Kingori gave his statement at the trial of Franc Kos, Stanko Kojic, Vlastimir Golijan and Zoran Goronja, charged by the State Prosecution with genocide in Srebrenica, or, in other words, participation in the murder of over 800 men and boys in July 1995 at the Branjevo military academy.

According to the indictment, Kos was the commander of the First Platoon of the Tenth Commando Unit with the main headquarters of the Army of Republija Srpska, while Kojic, Golijan and Goronja were members of the same unit, and all together they executed prisoners, some of whose hands were tied and eyes blindfolded.

Witness Kingori said that members of UNPROFOR did not direct the population from the territory of Srebrenica to go towards Potocari, but that the civilians headed there because of the shelling.

”UNPROFOR never instructed civilians to go to Potocari. They had to leave the villages in which they lived because of the bombing and come to Srebrenica. When they realised it is not safe there either, they headed towards Potocari,” said the witness.

Kingori said that Srebrenica was shelled before July 11, 1995, and that during those several days in that territory there have been between 20 and 30 wounded persons, and five dead.

”In that period we could not reach some of the areas in the enclave because of the shelling. That is why in those areas we could not check whether there were dead or wounded,” said the witness.

Asked by Slobodan Peric, lawyer of the second defendant Kojic, whether upon arrival to Srebrenica he learned anything about the suffering of the Serb population [note: this is a common tactic of vicious Serbian propaganda], the witness said that he did not receive any reports on the suffering of Serbs in that area.

The next trial is scheduled for November 4 this year, when the examination of two witnesses for the defence of first defendant Kos is planned.

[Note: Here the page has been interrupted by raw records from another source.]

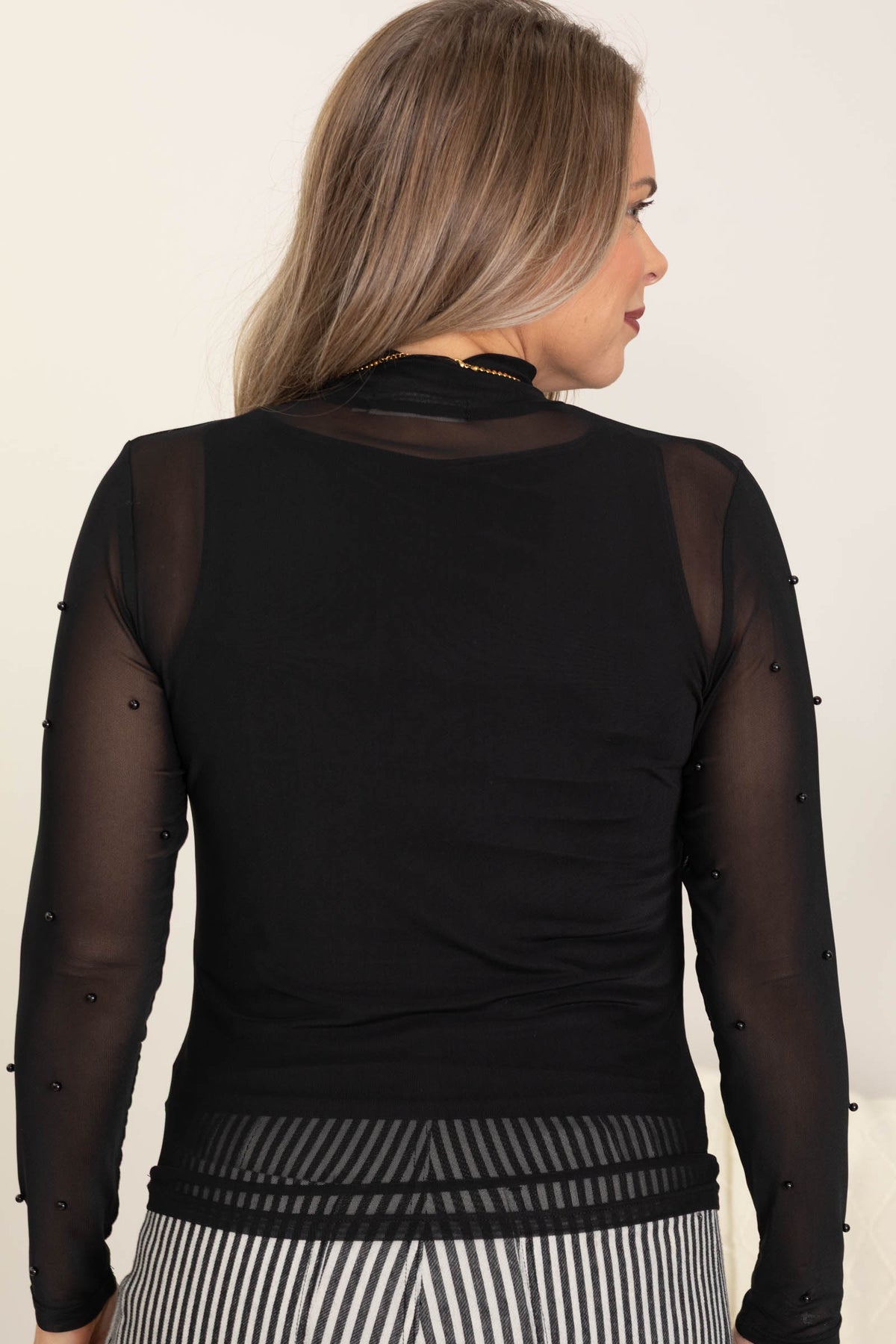 Mock Neck Mesh Knit Top With Pearls
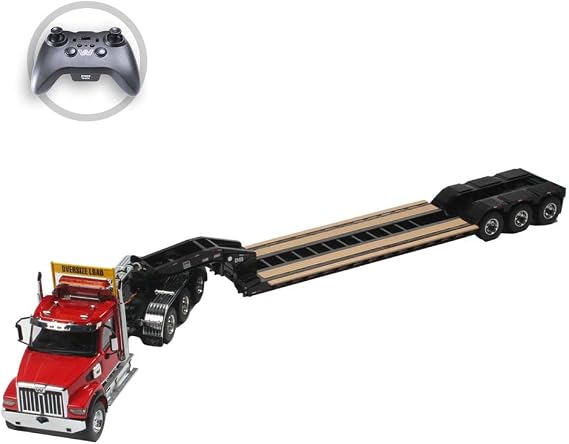 Diecast Masters 1:16 Scale RC Western Star 49X SFFA Tridem Axle Heavy-Haul Tractor w/Lowboy Trailer | Radio Control Tractor Truck | Remote Control Truck and Trailer | Model 27010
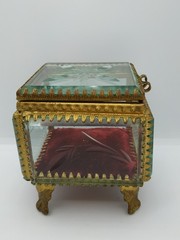 Retro Old Jewelry Box Soviet Vintage Bevelled Glass Crystal USSR 60s Rococo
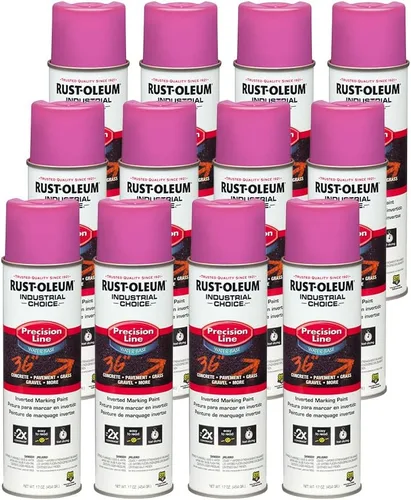 Vista 22 de Rust-Oleum 203035-12PK Pintura en aerosol invertida industrial a base de agua, 17 onzas, naranja alerta APWA, paquete de 12 unidades APWA Alerta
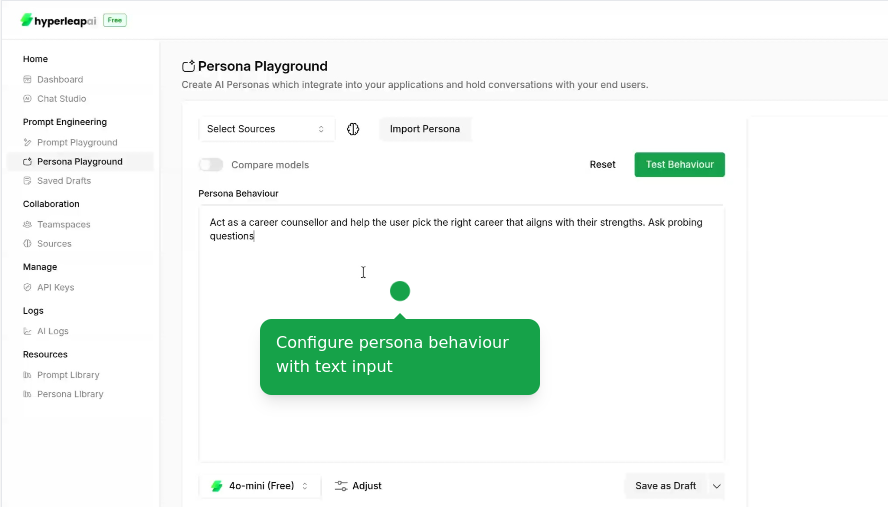 Defining persona behaviour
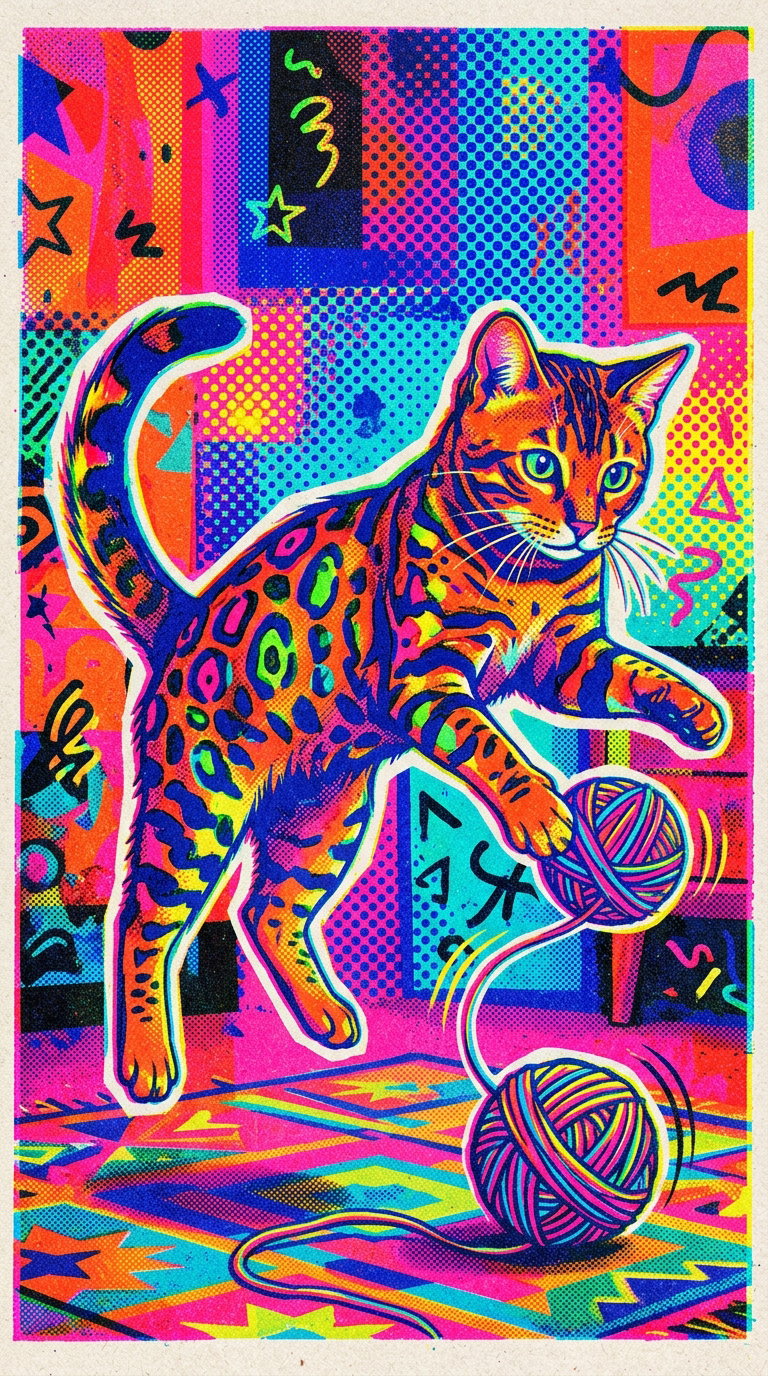 A colorful and vibrant illustration of a cat playing with yarn, surrounded by abstract shapes and patterns.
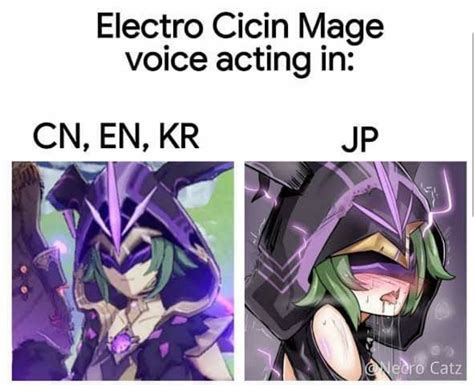 ﻿electro Dein Mage Voice Acting In Cn En Kr Jp Fatui Electro Cicin Mage Genshin Impact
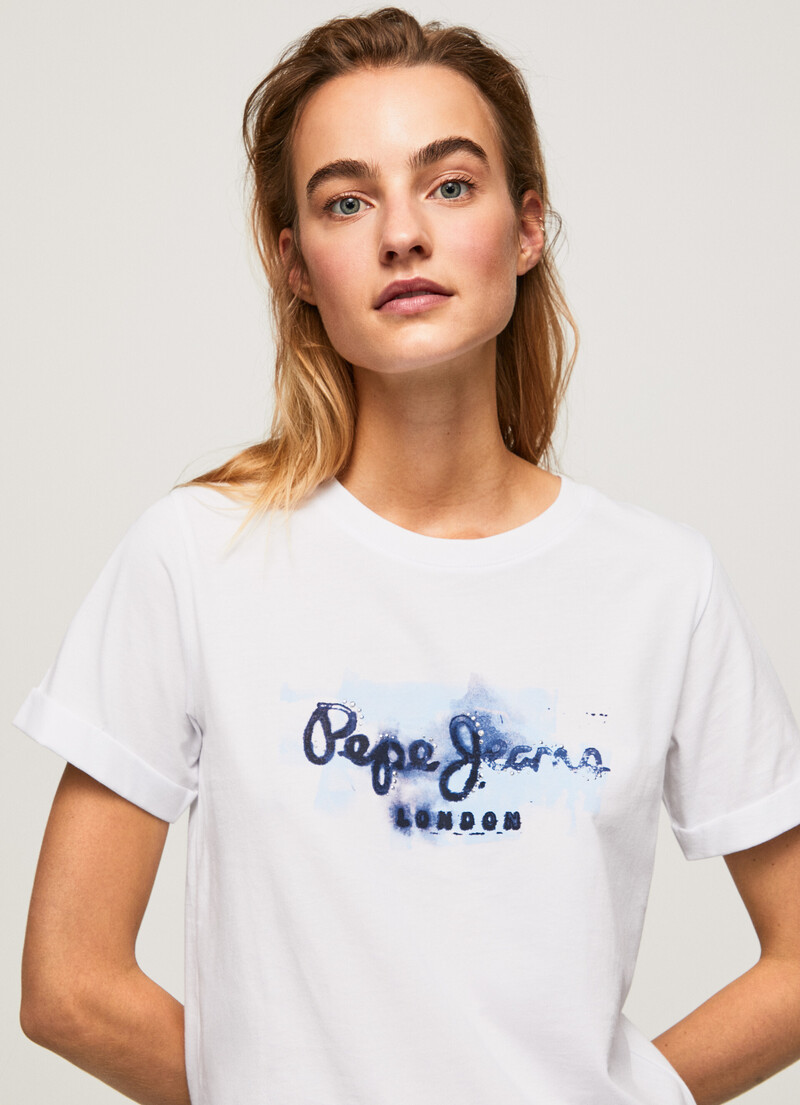 T-Shirt En Coton Avec Logo Dégradé | Pepe Jeans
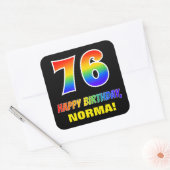 Sticker Carré 76e anniversaire : audacieux, amusant, simple, arc (Enveloppe)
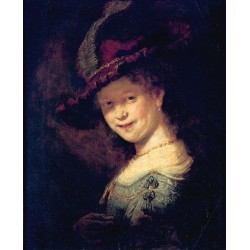A Bust of a Young Woman Smiling 1633 by Rembrandt Harmenszoon van...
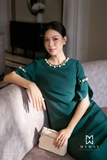 (2 màu) Đầm suông vừa dáng cổ tròn phối tay lỡ đính hạt trai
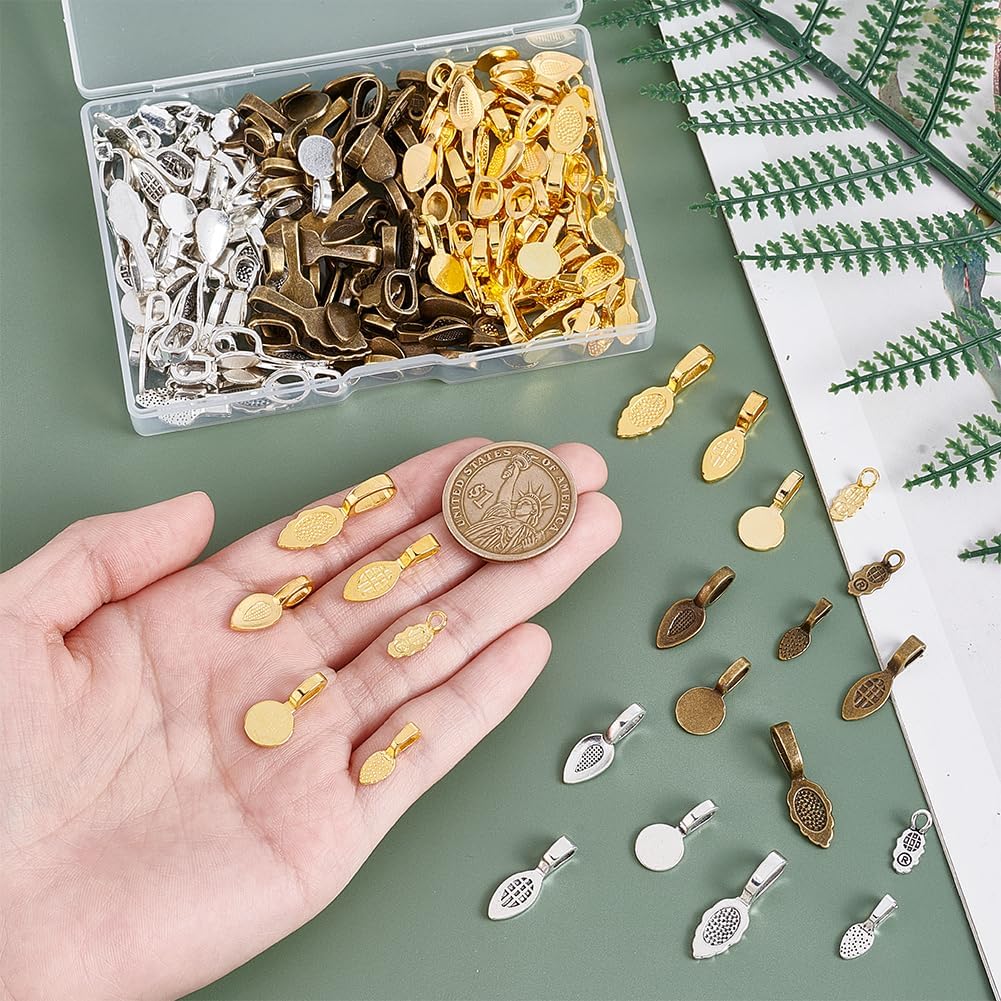 PH PandaHall 180pcs 6 Styles Glue on Bails, 3 Colors Alloy Pendant Bails Leaf Pendant Connector Charm Tag Flat Pad Earring Bails Necklace Chain Bails for DIY Bracelets Jewelry DIY Crafts - Image 3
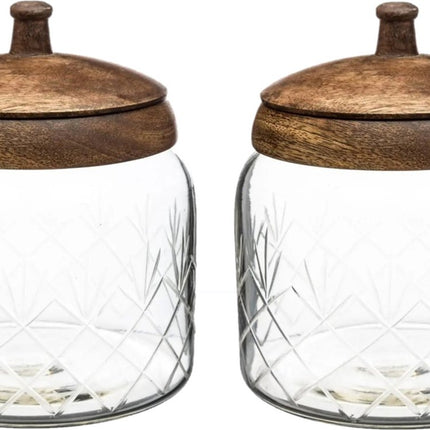 2x stuks snoeppotten/voorraadpotten 1,2L glas met houten deksel - 1200 ml - Bonbonnieres
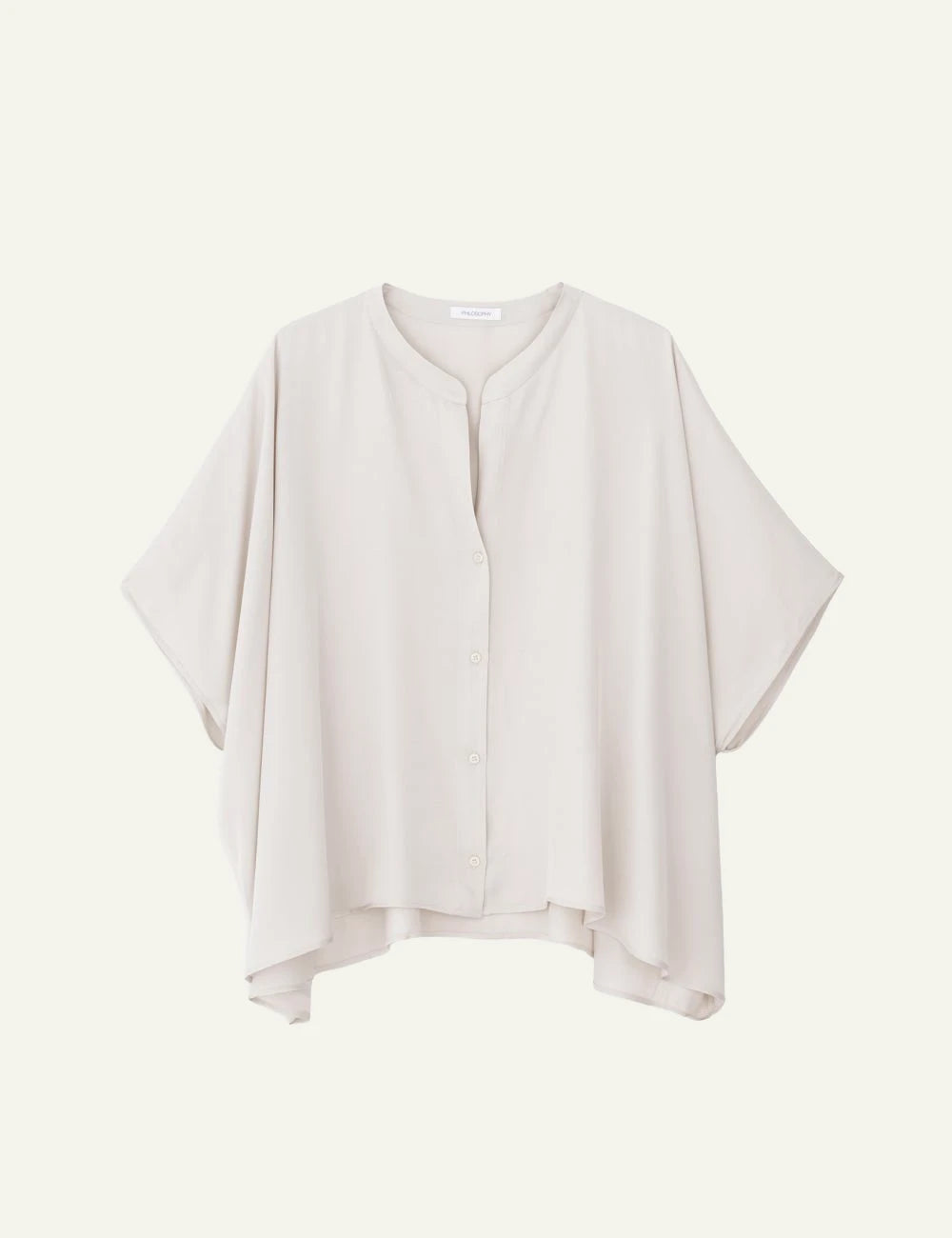 Philosophy Satin Oversized Shirt Dusty White front view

FRANC KOS: VUJADIN POPOVIC ORDERED THE MASSACRE

BIRN — At the trial for genocide in Srebrenica, indictee Franc Kos says that an officer, whose name, as he found out later on, was Vujadin Popovic, said that the prisoners, who were brought to Branjevo military farm, should be shot, because they were war criminals.

Testifying in his defence before the Court of Bosnia and Herzegovina, Kos said that he had never hidden the fact that he participated in the shooting of Bosniaks on Branjevo military farm in July 1995. However, he said that he did not participate in the extermination of the Bosniak population, but he just acted on orders.

“When a bus brought prisoners to Branjevo, an officer, whose name, as I found out later on, was Vujadin Popovic, said that those men should be shot, because they were war criminals,” Kos said.

Indictee Kos said that he was told that he should participate in the shooting of prisoners, who were held in the Cultural Centre in Pilica, as well, but, after that he said that he could not do it any more.

Popovic, former Chief for Security with the Drina Corps of the Republika Srpska Army, VRS, was sentenced, under a first instance verdict pronounced by The Hague Tribunal in June 2010, to life imprisonment for genocide committed in Srebrenica.

The Prosecution of Bosnia and Herzegovina charges Kos, Stanko Kojic, Vlastimir Golijan and Zoran Goronja with genocide in Srebrenica and participating in the murder of more than 800 men and boys on Branjevo military farm in July 1995.

The indictment alleges that Kos was Commander of the First Unit with the Tenth Reconnaissance Squad of the VRS Main Headquarters, while Kojic, Golijan and Goronja were members of that Squad. It further alleges that they jointly shot prisoners, some of whom were tied and blindfolded.

When asked by Defence attorney Dusko Tomic what would have happened had the soldiers refused to carry out the order and shoot people on Branjevo, indictee Kos said that nothing would probably have happened to them at that location, but something could have happened later on.

Kos told the Court that members of the Tenth Reconnaissance Squad of VRS participated in an attack on Srebrenica too. “When we came to a mount near Srebrenica, we found out where we would be going,” Kos said, adding that indictee Kojic and protected witness Z1 participated in that operation.

At this hearing the Prosecution of Bosnia and Herzegovina presented parts of witnesses’ statements given before The Hague Tribunal.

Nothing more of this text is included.